The Insight Blog

The new work-life balance is the story-spreadsheet dichotomy

Written by A. Cydney Hayes | April 01, 2021

Flight Templates are templated flights, or sets of questions, written by some of the world’s preeminent business leaders. With Flight Templates, Balloon users get unparalleled access to seasoned perspectives and proven business strategies across all areas of business, including leadership, product, marketing & sales, innovation, employee experience, culture, and more. This feature is part of a series on The Insight that profiles Balloon’s Flight Template authors.

When asked to explain what drives his business philosophy, Rishad Tobaccowala often thinks of two quotes: “We tell ourselves stories in order to live,” from Joan Didion, and “All sorrows can be borne if you put them into a story or tell a story about them,” from the Danish author Karen Blixen, composed under her pen name Isak Dinesen.

Between his education in mathematics and business, his tenure as the Chief Growth Officer of the 80,000-person advertising firm Publicis Groupe, and his current role as an adviser to several C-level executives, Tobaccowala’s career has been mired in hard science and data analytics for the good part of four decades. Still, the University of Chicago graduate, sought-after keynote speaker, and newly-minted author considers himself a writer at heart, and he knows that, in order to succeed in business, well-articulated stories are just as important as well-analyzed data.

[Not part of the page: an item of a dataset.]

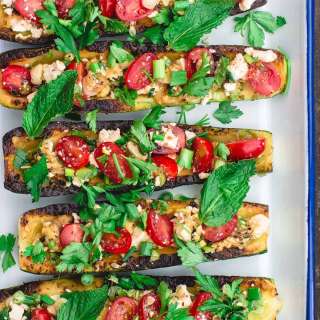 Stuffed Zucchini Boats with Tomato and Feta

“To me, where human life and business life and the world intersect is stories,” Tobaccowala said. “Successful businesses combine the story and the spreadsheet. It's not about one or the other.”

In fact, the working title for Tobaccowala’s book was “the Story and the Spreadsheet,” before HarperCollins eventually decided that Restoring the Soul of Business: Staying Human in the Age of Data would garner more attention (which it did, admirably). Restoring the Soul of Business covers extremely prescient topics like how to manage distributed teams, how to lead during times of change, and how to identify and adapt to the best new technology; so it came as a surprise to many of its readers that the incredibly relevant Restoring the Soul of Business was published pre-pandemic, in January 2020.

“All that COVID did was accelerate what I anticipated,” Tobaccowala said. “People thought I must’ve known COVID was coming, but of course I didn’t—if I did, I would’ve stopped the man from eating the bat, or whatever it was. I simply knew that we were living in times of change, that technology was going to allow for a big shift toward distributed work, and that it was becoming more and more clear that companies that do not balance their data with their story would eventually fail.”

Tobaccowala noted companies like Wells Fargo and United Airlines as primary examples of companies that have made huge missteps by trying to assuage unfavorable data with more, often faked or adjusted, data, and WeWork as one that leaned so far into its story that it didn’t have the data to back up the success it was claiming. For smaller companies, Tobaccowala warned, such an unbalanced mindset would almost certainly be a harbinger of inevitable failure.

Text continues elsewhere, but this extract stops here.